REVIEWS YOU CAN USE: It’s not often that you come across dark comedies about hermaphrodites. Openly gay JB Ghuman Jr’s film Spork may be the first of its kind. It is currently touring the festival circuit, but does Spork have a true edge or is it just plastic and oblong?
WHAT’S IT ABOUT?: Spork is a female-identified middle-school hermaphrodite who lives in a trailer with her grease monkey brother Spit, her taxidermied dog, and her dead mom buried out back. Tormented by Becky Byotch and her Britney Spears-obsessed clones, Spork decides to compete in her middle-school dance off. Can Spork’s krunking bestie, aggressive Asian pal, and femmy crush help her find her groove?
WHO’S IN IT?: Savannah Stehlin plays Spork, the frizzy-haired underdog whose noble suffering embodies the triumphs and horrors of junior high hell. She’s nearly upstaged by her ghetto fabulous best friend Tootsie Roll (hilariously played by sure-to-be-a-big-star Sydney Park). Rodney Eastman plays Spork’s protective older brother Spit and Elaine Hendrix plays Felicia, Spit’s dead-eyed sweetheart with a heart of full of hairspray. Everyone in the film earns their laughs… everyone.
IS IT ANY GOOD?: Hell yes. It’s been called the queer Napoleon Dynamite for a good reason — it’s surprisingly funny, has eye-popping dance moves, and cartoonish cringe-inducing characters. Set in the modern day, the film is shot in a colorful 1980’s palette with an energetic 8-bit Gameboy soundtrack that’ll make you smile. Plus the movie operates in a twisted world where breaking people’s noses with basketballs, mocking fellow students with black face, and imitating pregnancy at a talent show all go unpunished.
WHAT’S BAD ABOUT IT?: Spork’s meekness, poverty, and unkempt appearance already make her middle school mock-worthy; her hermaphroditism just adds another freak flag without ever becoming anything greater. The film wants her hermaphroditism to matter, only so they can say that it doesn’t matter — it ends up feeling like a gimmicky hook and a symbol for the ultimate “otherness” rather than growing into larger aesthetic or emotional idea. The film’s schtick also involves extreme send-ups of ethnic stereotypes including racist white valley girls who want nosejobs, stoic Asians who write fortune cookies, and a gang of booty-pooping, jive-talkin’ black girls. It’s “an equal opportunity offender” to be sure, but as the predictable plot begins dragging in the last act, the movie’s material seems less fresh than it thinks.

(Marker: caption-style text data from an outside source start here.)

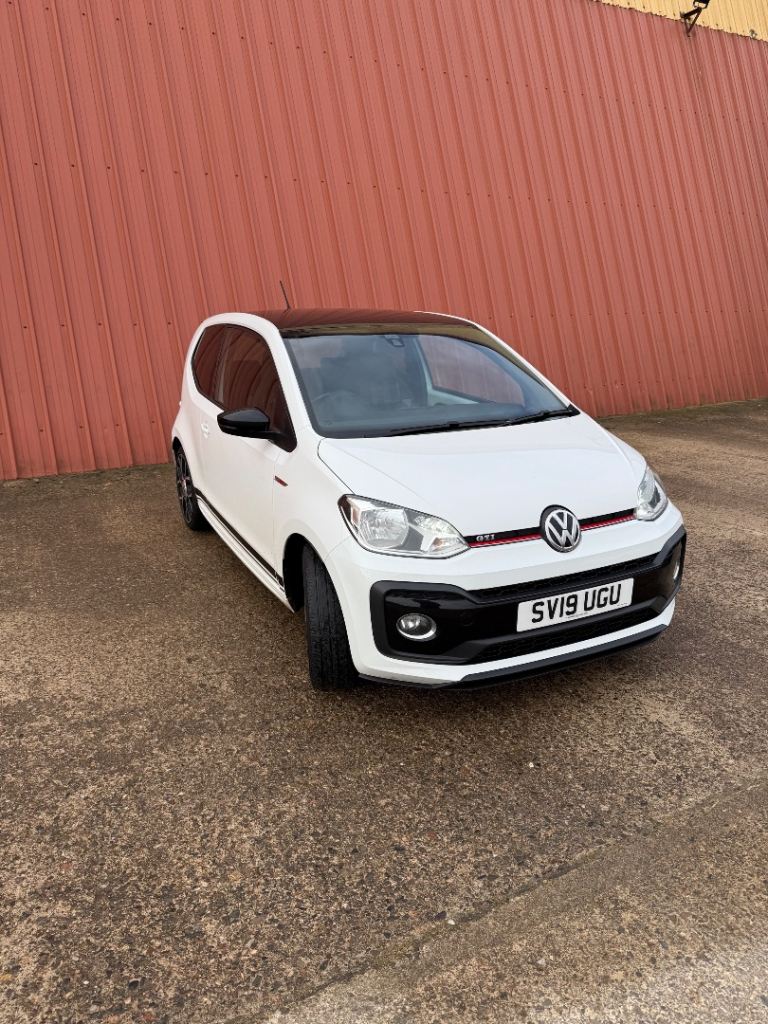 Volkswagen, UP GTI, Hatchback, 2019, Manual, 999 (cc), 3 doors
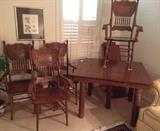 Solid and beautiful ... table, 2 leaves and 4 chairs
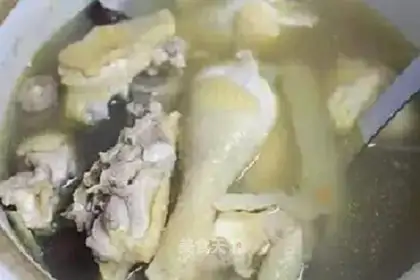 A chicken soup with salsa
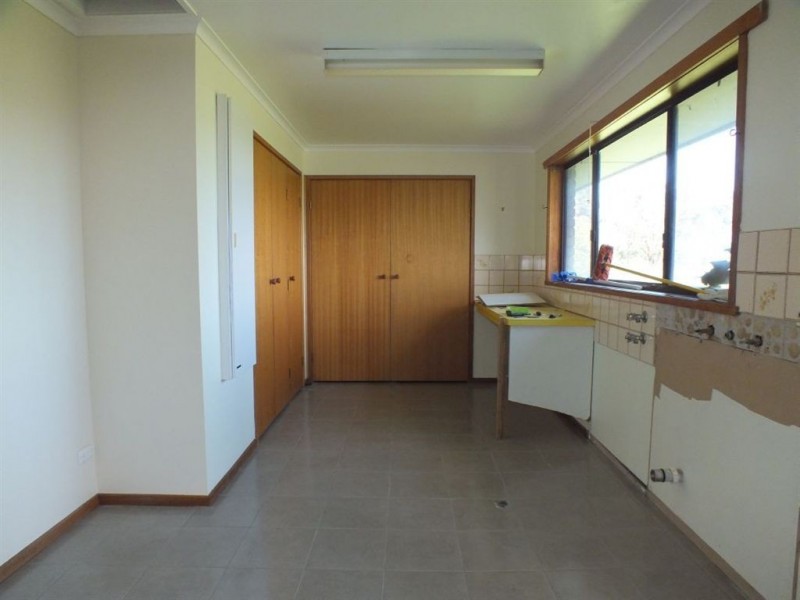 215 McCraws Road, Tynong VIC 3813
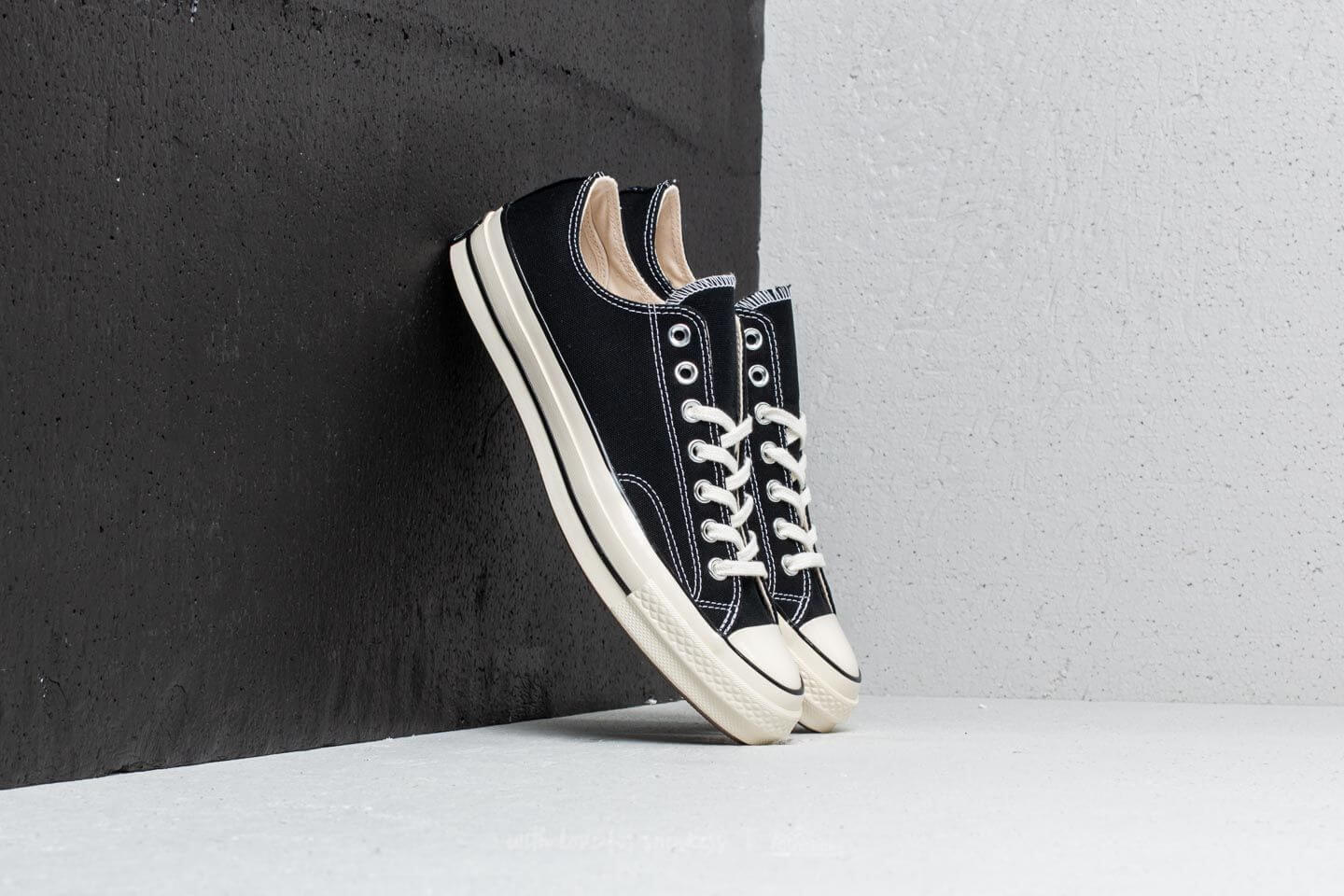 Giày Converse Classic Chucks và Chuck 70s: Bạn nên mua đôi nào? Hinh anh 1: Giay Converse Classic Chucks va Chuck 70s: Ban nen mua doi nao?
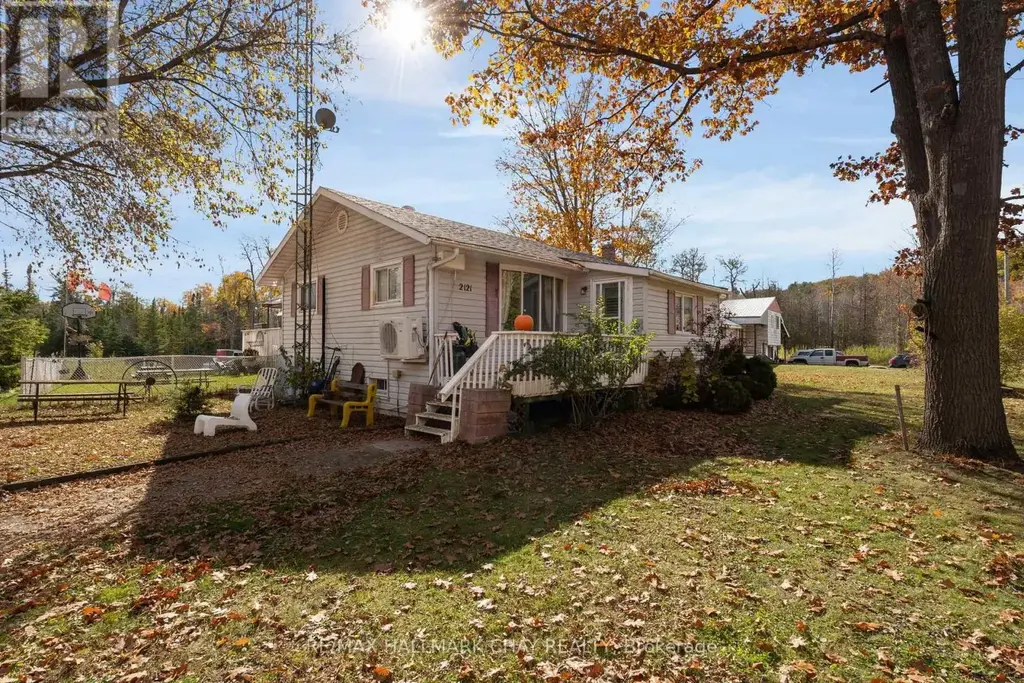 2121 Klondike Park Road, Wasaga Beach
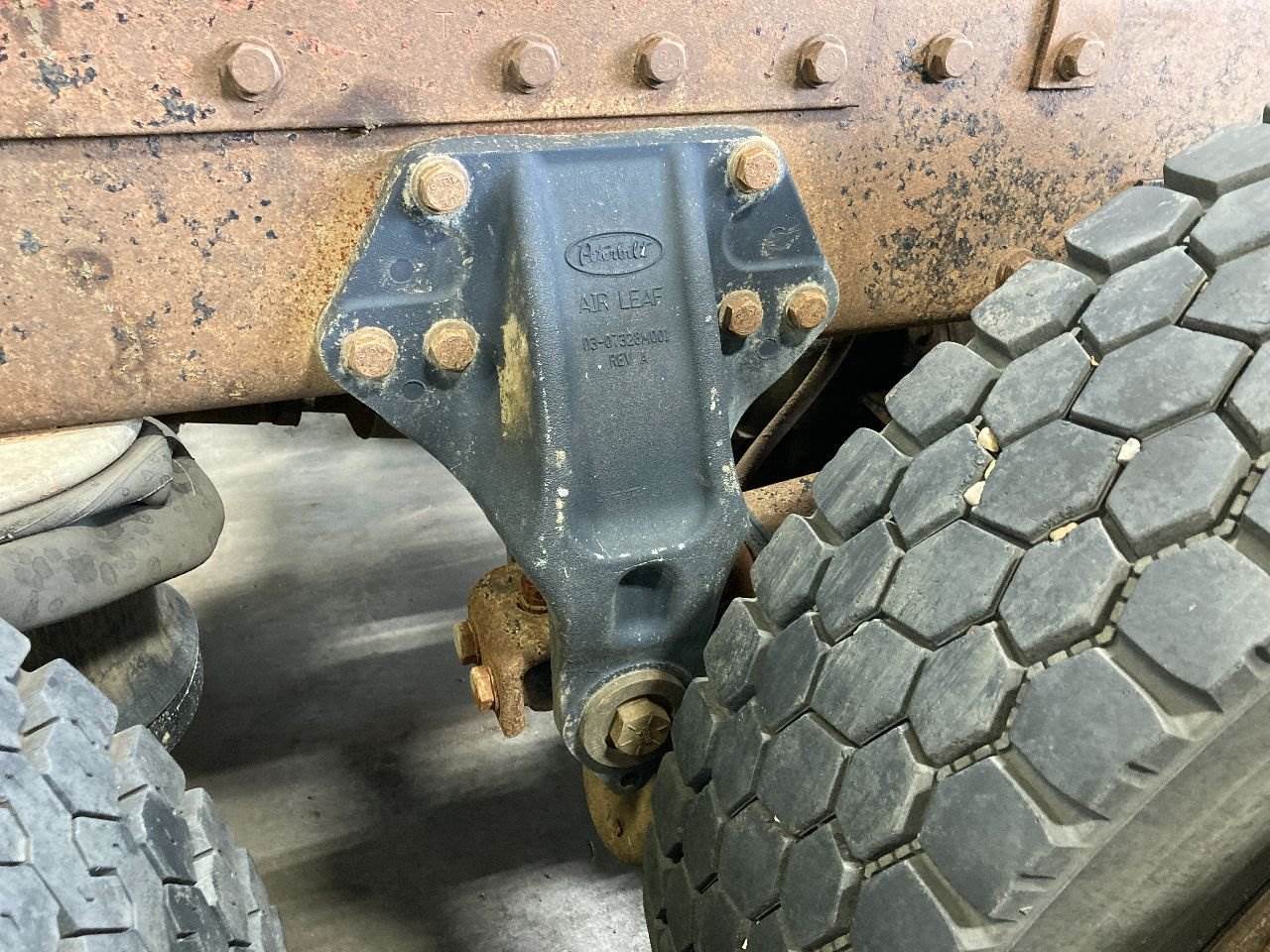 1996 Peterbilt AIR LEAF Suspension for a Peterbilt 379 For Sale Sioux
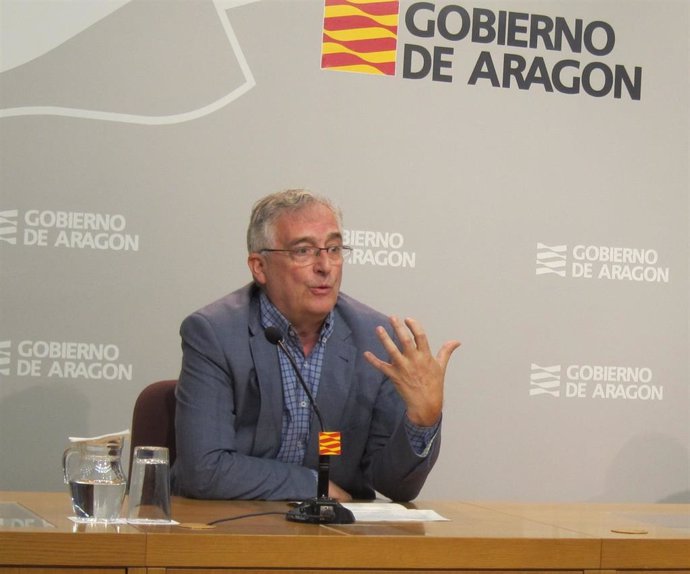 El consejero de Agricultura, Ganadería y Medio Ambiente del Gobierno de Aragón, Joaquín Olona.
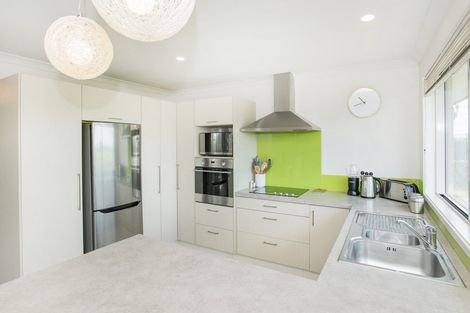 Photo of property in 25 Gwyneth Place, Riverdale, Gisborne, 4010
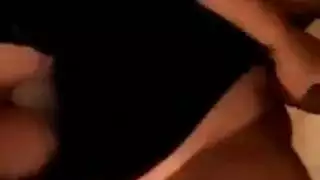 شاب horny يمارس الجنس مع فرج الفتاة المدبوغة الناعم حتى تعرج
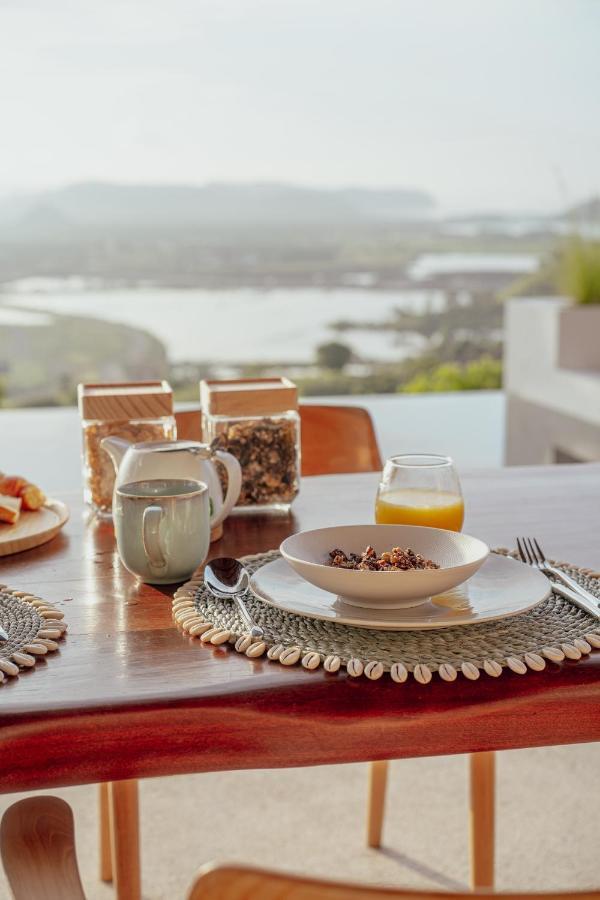 Luxury Ocean View Villas With Private Cook And Free Gym Membership Kuta (Lombok) Exterior foto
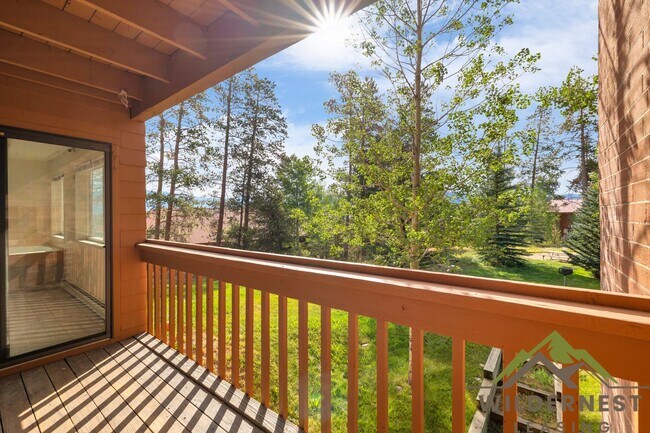 Building Photo - 749 Lagoon Dr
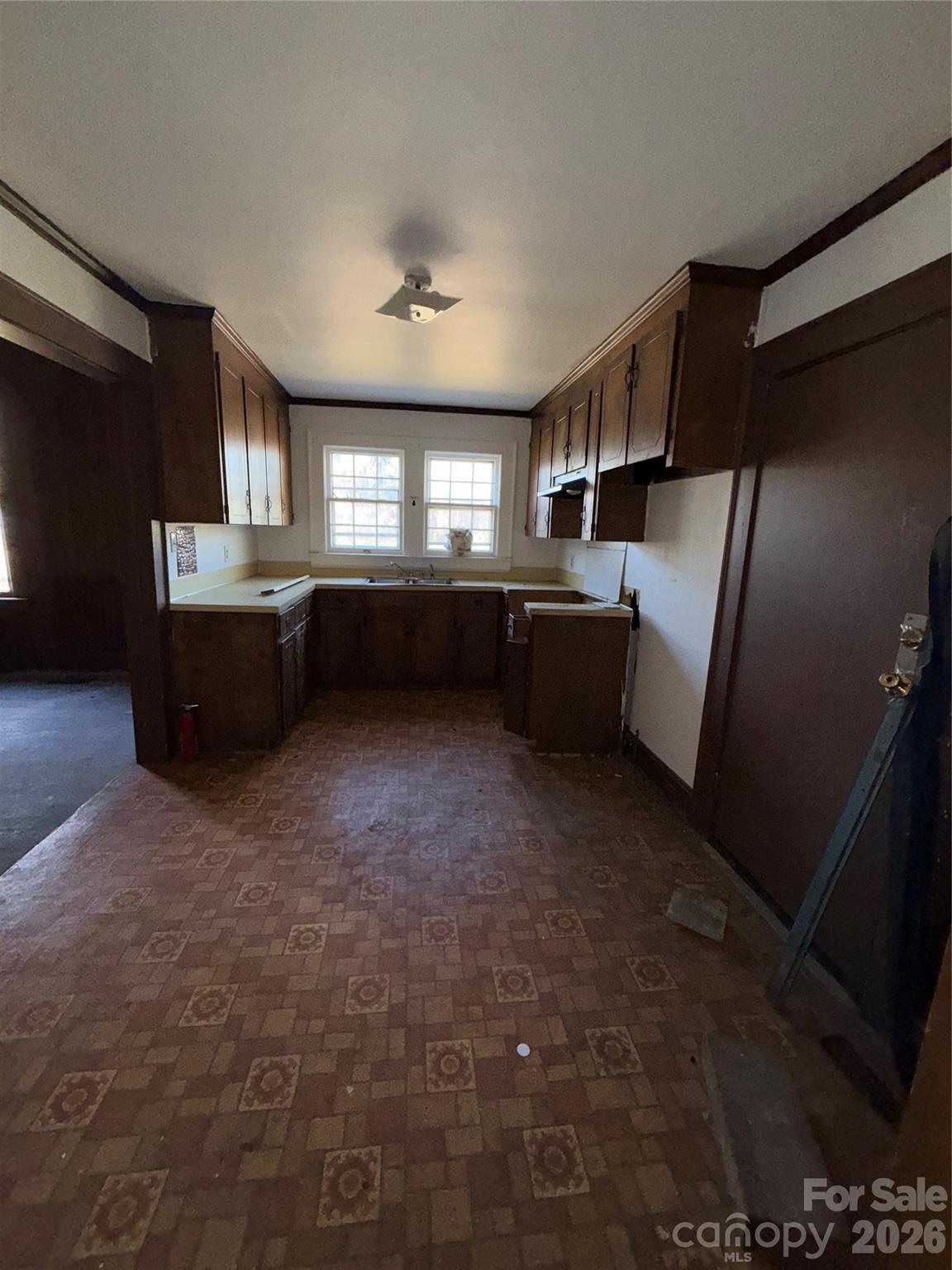 1015 Clark Street Property Photo 9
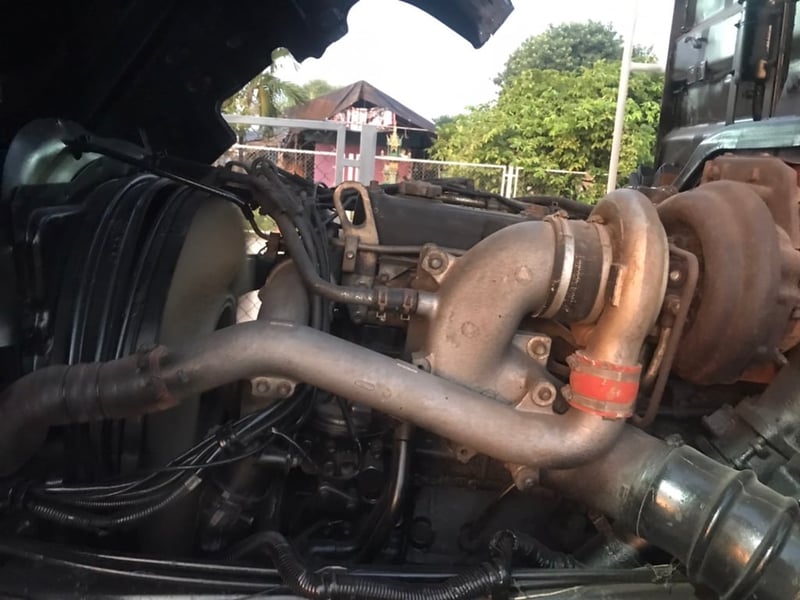 ขายสิบล้อดั้ม อีซูซุ เดก้า 320แรง ปี 2550 รุ่น Max โหลด  ปั้มสามมิตร 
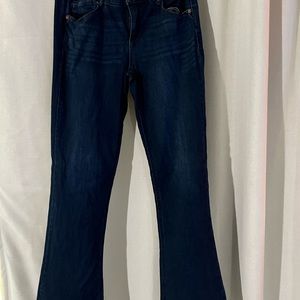 Democracy “Catherine” size 6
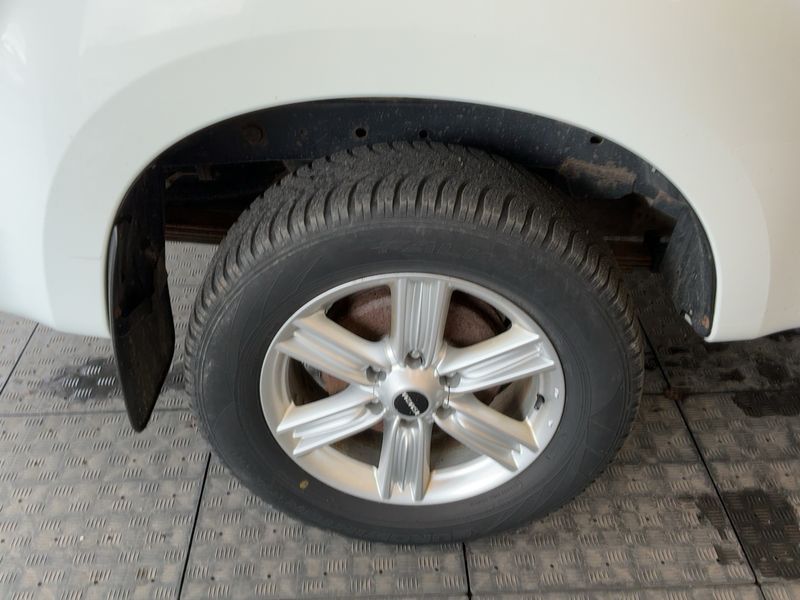 Isuzu D-MAX 1.9 Turbodiesel Double Cab Basis 4WD 2019 – снимка 9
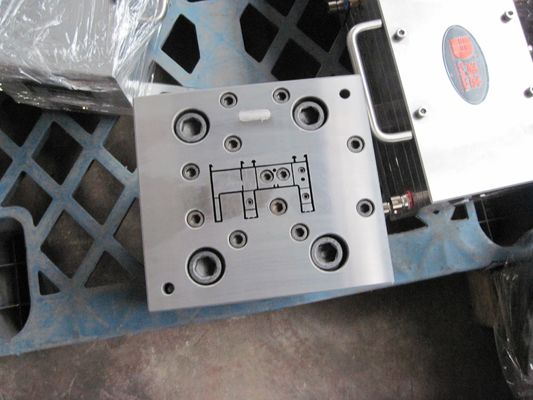 Perfil de marco de ventana de PVC Extrusión de moldes herramientas EKO para una alta productividad y eficiencia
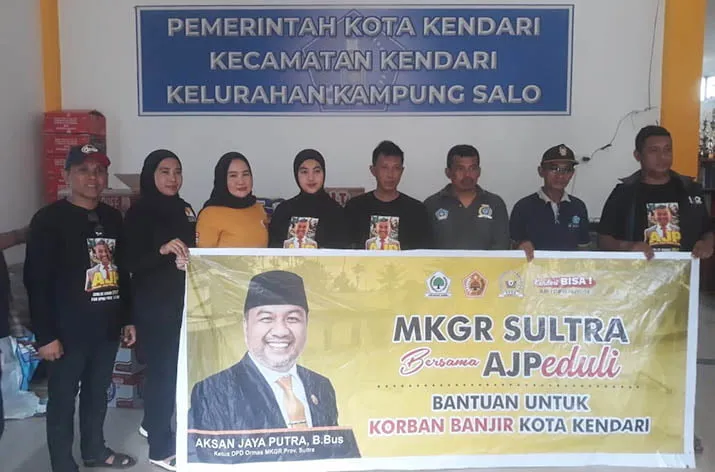 Peduli Korban Banjir, AJP Bersama Ormas MKGR Sultra Bantu Warga Terdampak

FUN FACT: Film reviewer Denise Castillón notes that, “LA-based actor and music video director JB Ghuman Jr. grew up in Miami Beach, Florida. Prior to moving to Los Angeles, Ghubman pursued a career as artist in New York City, creating paint-on-canvas and installation art works. Understanding the filmmaker’s background gives insight into his film’s dreamlike quality with its rainbow-colored camera work mixed with hand drawn-looking animation. Ghubman’s nostalgic fondness for 80’s pop and early hip hop music, as well as the dancing styles and clothing trends they inspired, is more obvious.”
RATING: Four out of five Skittles – Spork’s hypercolor sweettart world is full of shock and awwww! It’s not groundbreaking, but the child-inspired art direction, dark humor, and GLEE-inspired dance numbers will keep you laughing in delighted disbelief.